John Wiley's autumn acquisition of Hungry Minds had a dramatic impact on the company's third-quarter results, especially in its professional/trade division. Revenues for the entire company for the period ended January 31, 2002, increased 27%, to $208 million, while net income rose 24%, to $21.4 million. Excluding Hungry Minds, sales in the period were up 4%.

In the professional/trade segment, sales jumped 82%, to $80 million, and operating profit increased 83%, to $20.8 million. The gains were due almost entirely to the Hungry Minds purchase, as the division suffered lower sales of business and travel books, especially in the first half of the quarter. Wiley president Will Pesce said Hungry Minds is performing better than anticipated, noting that the company now expects revenues from the purchase to be in the $80-million to $85-million range. Wiley is also on track to save $10 million in annual costs by the end of the year. The savings are coming from a combination of improved operating efficiencies and the elimination of some jobs through layoffs and attrition.

Revenues in the higher education division rose 7%, to $41.8 million, and operating profit increased 13%, to $16.7 million.
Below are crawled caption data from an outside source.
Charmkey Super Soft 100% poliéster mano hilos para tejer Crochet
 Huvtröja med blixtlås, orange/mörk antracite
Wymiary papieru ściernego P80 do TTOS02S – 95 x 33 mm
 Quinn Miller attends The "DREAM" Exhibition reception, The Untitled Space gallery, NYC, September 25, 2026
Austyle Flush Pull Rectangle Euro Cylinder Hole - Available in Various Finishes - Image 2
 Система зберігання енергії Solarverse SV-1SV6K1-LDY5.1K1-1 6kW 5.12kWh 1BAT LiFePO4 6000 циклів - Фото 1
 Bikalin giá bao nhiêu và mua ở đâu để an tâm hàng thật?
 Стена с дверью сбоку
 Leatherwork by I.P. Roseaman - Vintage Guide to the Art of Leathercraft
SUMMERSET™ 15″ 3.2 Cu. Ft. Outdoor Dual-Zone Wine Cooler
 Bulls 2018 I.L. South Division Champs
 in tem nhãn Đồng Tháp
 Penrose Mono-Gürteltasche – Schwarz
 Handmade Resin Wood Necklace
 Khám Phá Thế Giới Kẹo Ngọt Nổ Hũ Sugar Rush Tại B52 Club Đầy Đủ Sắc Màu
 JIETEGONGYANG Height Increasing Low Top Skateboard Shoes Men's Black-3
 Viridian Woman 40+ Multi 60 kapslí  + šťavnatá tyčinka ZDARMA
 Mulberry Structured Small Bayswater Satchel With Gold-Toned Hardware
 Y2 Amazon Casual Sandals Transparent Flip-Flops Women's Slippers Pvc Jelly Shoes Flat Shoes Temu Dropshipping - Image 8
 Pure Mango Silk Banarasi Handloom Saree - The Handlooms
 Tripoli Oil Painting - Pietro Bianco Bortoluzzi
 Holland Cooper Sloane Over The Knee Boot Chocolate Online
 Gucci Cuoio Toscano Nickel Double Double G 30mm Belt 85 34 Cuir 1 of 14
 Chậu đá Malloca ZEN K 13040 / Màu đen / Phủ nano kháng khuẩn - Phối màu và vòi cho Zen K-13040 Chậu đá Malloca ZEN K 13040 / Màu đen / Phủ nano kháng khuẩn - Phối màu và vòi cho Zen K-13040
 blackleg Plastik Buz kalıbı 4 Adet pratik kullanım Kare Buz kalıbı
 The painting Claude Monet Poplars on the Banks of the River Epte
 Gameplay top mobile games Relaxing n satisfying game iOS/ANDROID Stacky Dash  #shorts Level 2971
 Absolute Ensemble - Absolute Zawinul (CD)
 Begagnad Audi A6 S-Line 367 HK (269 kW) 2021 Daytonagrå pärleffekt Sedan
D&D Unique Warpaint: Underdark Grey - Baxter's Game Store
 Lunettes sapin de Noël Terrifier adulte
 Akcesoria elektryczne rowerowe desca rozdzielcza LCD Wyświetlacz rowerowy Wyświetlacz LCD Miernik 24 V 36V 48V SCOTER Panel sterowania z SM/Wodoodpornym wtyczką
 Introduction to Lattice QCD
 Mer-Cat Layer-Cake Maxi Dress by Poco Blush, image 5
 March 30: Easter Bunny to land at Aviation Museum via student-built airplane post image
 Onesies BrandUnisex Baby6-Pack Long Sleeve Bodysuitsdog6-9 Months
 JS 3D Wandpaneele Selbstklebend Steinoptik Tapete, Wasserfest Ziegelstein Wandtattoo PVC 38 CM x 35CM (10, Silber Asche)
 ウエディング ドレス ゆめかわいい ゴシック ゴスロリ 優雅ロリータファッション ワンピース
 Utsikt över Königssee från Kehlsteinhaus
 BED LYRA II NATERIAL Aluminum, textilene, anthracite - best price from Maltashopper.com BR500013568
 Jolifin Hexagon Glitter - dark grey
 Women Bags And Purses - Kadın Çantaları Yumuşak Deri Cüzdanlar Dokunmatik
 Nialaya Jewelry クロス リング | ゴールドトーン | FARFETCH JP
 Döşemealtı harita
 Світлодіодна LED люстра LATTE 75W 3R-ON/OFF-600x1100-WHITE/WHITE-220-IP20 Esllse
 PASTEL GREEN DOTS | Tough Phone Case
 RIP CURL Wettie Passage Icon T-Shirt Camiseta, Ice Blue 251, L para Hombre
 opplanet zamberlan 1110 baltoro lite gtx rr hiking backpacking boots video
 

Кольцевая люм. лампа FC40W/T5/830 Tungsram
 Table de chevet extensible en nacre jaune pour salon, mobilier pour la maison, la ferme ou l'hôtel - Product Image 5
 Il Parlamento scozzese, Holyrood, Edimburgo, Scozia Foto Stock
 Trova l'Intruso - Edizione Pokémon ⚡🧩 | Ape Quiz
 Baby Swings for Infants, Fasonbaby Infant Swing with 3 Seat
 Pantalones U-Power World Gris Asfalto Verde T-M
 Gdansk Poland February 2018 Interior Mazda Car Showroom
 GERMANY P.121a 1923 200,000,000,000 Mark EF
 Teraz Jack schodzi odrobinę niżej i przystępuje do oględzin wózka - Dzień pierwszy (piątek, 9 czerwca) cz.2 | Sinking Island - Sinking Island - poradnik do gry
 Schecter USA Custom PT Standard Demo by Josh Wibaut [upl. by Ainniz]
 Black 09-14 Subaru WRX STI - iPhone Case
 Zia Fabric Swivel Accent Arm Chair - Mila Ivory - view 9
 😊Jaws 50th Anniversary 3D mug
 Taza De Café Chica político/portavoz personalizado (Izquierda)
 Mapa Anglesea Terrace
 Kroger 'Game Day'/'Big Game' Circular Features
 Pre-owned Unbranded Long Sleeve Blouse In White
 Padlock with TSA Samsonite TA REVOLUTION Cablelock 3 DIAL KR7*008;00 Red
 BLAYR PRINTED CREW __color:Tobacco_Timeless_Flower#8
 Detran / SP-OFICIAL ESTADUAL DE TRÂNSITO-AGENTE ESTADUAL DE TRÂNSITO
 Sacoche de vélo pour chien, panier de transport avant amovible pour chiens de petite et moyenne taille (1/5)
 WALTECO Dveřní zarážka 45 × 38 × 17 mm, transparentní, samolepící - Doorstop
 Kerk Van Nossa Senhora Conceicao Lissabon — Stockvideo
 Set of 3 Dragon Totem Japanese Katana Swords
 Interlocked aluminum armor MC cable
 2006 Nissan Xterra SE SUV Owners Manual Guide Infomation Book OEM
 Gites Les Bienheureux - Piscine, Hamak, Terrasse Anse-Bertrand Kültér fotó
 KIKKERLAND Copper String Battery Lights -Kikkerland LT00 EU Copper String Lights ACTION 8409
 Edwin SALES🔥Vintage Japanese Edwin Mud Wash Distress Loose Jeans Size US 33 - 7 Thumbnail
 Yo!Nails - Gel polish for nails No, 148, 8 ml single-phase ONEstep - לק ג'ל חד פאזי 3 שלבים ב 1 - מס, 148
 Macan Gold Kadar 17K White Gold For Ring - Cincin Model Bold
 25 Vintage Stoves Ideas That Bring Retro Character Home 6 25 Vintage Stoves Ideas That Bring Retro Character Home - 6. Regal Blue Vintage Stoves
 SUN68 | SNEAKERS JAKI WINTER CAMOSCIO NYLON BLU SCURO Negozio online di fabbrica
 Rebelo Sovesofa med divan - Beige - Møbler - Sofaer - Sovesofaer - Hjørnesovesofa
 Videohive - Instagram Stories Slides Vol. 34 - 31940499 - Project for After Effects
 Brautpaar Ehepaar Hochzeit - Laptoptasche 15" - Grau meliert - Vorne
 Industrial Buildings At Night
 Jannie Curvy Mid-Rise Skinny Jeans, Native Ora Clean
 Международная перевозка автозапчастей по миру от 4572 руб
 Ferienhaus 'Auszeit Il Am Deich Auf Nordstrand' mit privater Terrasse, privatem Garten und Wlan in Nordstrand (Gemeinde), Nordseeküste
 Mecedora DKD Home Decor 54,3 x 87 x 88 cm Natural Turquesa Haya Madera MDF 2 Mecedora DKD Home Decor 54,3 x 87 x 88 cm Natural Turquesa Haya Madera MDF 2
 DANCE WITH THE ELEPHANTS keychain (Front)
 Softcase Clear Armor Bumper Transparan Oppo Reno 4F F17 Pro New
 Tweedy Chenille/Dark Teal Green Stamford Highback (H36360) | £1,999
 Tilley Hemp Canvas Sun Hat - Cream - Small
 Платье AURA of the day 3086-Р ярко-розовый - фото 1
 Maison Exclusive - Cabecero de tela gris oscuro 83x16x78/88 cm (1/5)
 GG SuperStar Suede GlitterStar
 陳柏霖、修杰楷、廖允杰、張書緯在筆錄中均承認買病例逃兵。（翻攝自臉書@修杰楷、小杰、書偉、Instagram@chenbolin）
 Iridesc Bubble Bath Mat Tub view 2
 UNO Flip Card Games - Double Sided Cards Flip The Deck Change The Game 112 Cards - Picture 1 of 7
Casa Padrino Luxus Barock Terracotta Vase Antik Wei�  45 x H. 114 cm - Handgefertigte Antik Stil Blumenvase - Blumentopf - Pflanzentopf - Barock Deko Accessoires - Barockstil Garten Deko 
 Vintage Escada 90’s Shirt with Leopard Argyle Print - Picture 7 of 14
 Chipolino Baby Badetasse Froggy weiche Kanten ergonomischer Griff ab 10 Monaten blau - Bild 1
The purchase of an unidentified number of titles from the Thomson Corp. plus good performances in the psychology and geography areas offset weak sales in engineering, where enrollments are down. In the domestic STM segment, sales rose 4%, to $38.7 million, although operating profit dipped 1%, to $15.2 million.

In its international operations, sales in Europe were up 7%, to $41.5 million, and profits increased 20%, to $13.5 million, led by STM journal sales and higher college textbook sales. In the other international segments, sales increased 2%, to $21.1 million, but profits declined 3%, to $6.1 million. Sales were up in Australia and Canada, but were soft throughout Asia.

CDG Books Canada to Close

In other news involving Wiley's purchase of Hungry Minds, CDG Books Canada will be shut down by John Wiley & Sons Canada Ltd. and Gage Learning Corporation in the next few weeks, laying off 17 CDG employees and placing the Macmillan Canada imprint up for sale. An additional 13 CDG people will move to Wiley. Wiley's purchase of Hungry Minds gave the company 49% of CDG Books Canada; Gage owns the remaining 51%.

"When we acquired it, we realized the business was not sustainable in the current economic environment for a variety of reasons, certainly the economy and the book business. It was our goal to acquire 100% of CDG and merge it with Wiley Canada, but as a result of the regulatory environment, we were unable to do that, so really the only business decision for us was to wind up the company," said Wiley Canada's president, Diane Wood. Wiley Canada will take over the Hungry Mind licenses, including the Dummies and Frommer's lines, while CDG's Macmillan properties will be sold.